Develop a Training Plan

Aug. 1, 2013

It’s important for shop operators to proactively take a look at their annual training initiatives. You need to be smart about whom you train, when you train and your purpose of training to maximize the long-term value of the investment.

Without a yearlong plan, you’ll end up “over-training, not training,” or providing the wrong training for your staff, says Donna Miller, I-CAR instructor and CEO of Automotive Compliance Solutions of North Carolina. In addition, you might run out of money in your training budget and not have enough cash flow to cover your needs.

Miller offers a few basic tips to help plan your shop’s annual training needs.

Annual training requirements vary greatly from shop to shop based on leadership goals, business strategies and program affiliations. There isn’t one go-to resource that outlines all training your company might need. Most training providers do a good job of communicating course offerings, schedules and requirements, but the information is segmented. It’s the responsibility of shop operators to compile the information into one centralized place and develop an integrated framework for the company’s training initiatives.

There are four main components of planning your training needs:

1. Think about your immediate requirements. For example, there might be a new technical training requirement for a newly purchased piece of equipment, a course required to maintain your I-CAR Gold Class designation, or a regulatory requirement issued by the Environmental Protection Agency (EPA) or Occupational Safety and Health Administration (OSHA).

2. Consider your long-term goals and future vision for the business. You might want to qualify for a new third-party certification, OEM or insurance program, which could dictate a certain set of training initiatives. It’s beneficial to work toward acquiring those training requirements over time to avoid a significant amount of training all at once.

3. Assess the specific organizational requirements of each training. Although certain information could be beneficial for multiple technicians, only one member of your organization might be required to attend. In those circumstances, you could send one person and have them train the rest of your staff secondhand afterward. That allows you to maximize the value from information that one technician has learned, and avoid wasting time and money sending too many people.

4. Determine where you have training gaps within your organization. It’s important to ensure you have enough people trained on various functions so there is a backup plan in place in case a key technician is ill, injured or terminated. Workflow will halt if one person is absent and nobody else has the knowledge to fill in. You don’t want to fully rely on one person for any duty, so it’s a good idea to have at least two people cross-trained for every position in the shop.

Make a detailed list of each training class necessary to accomplish your immediate needs and long-term goals, and highlight each specific employee who should attend.

Proactively budget for the expense of those training initiatives by adding up the cost of each training course outlined in your planning document. Calculating the financial commitment for your training needs helps identify whether you’ll have the cash flow to make it happen, and how much money should be reserved each month for the expense. And if cash is tight, budgeting also helps prioritize training needs when certain goals need to be put on hold.

Schedule each technician’s attendance at every training session appropriately. Identify the best time to send each staff member, and assess how you will fill the void if a certain technician is away at training. If there is a particular class that several technicians need, it’s not a good idea to send them all at once in order to maintain production back at the shop.

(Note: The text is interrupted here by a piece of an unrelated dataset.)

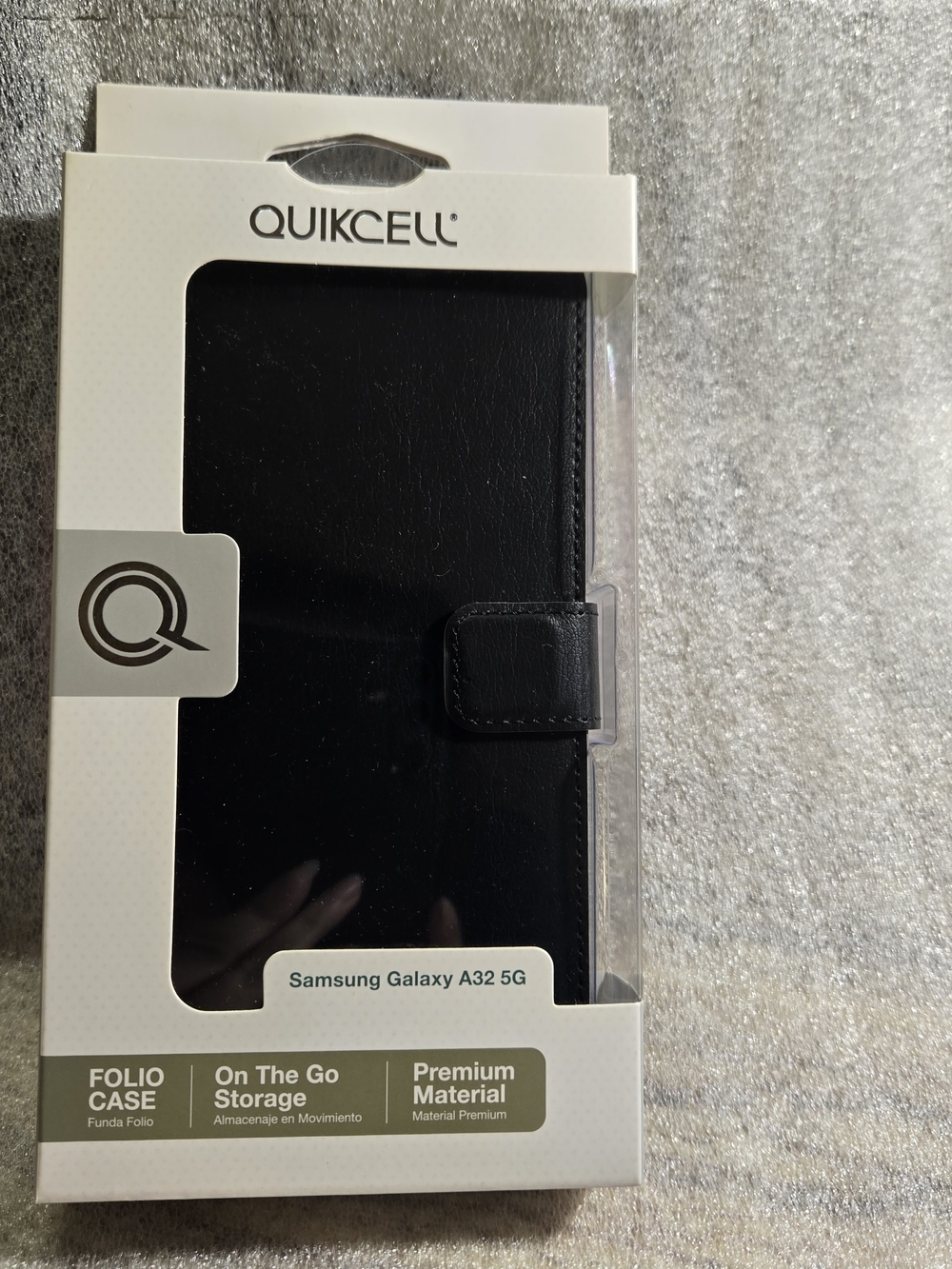 Black Folio Wallet Case for Samsung Galaxy A32 5G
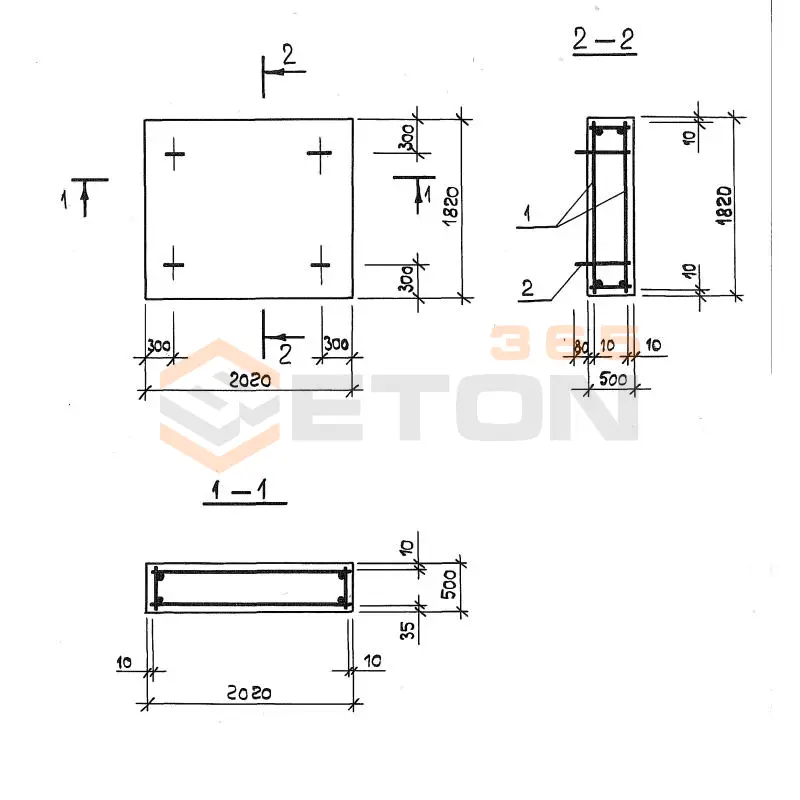 Плиты фундамента Серия 1.189.1-8 ПФ 18-20-40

Try to stagger training whenever possible. Most training organizations provide the same courses repeatedly throughout the year to accommodate your staff’s schedule. Put those scheduled classes on a yearlong calendar.

Scheduling appropriately helps technicians plan for the absence, and helps office employees appropriately schedule jobs based upon who will be present each day at the shop.

Make sure to track your training accomplishments as they happen. Keep detailed records of the training each employee has taken so you can easily monitor progress toward the elements outlined on your training plan.

Preparing a detailed training plan is part of being a great shop leader. It demonstrates to your staff that you see value in the effort, and opens your business to positive change. Your financial and production efficiencies will also be greatly enhanced by planning and strategizing. You will have control over training, rather than having training control you.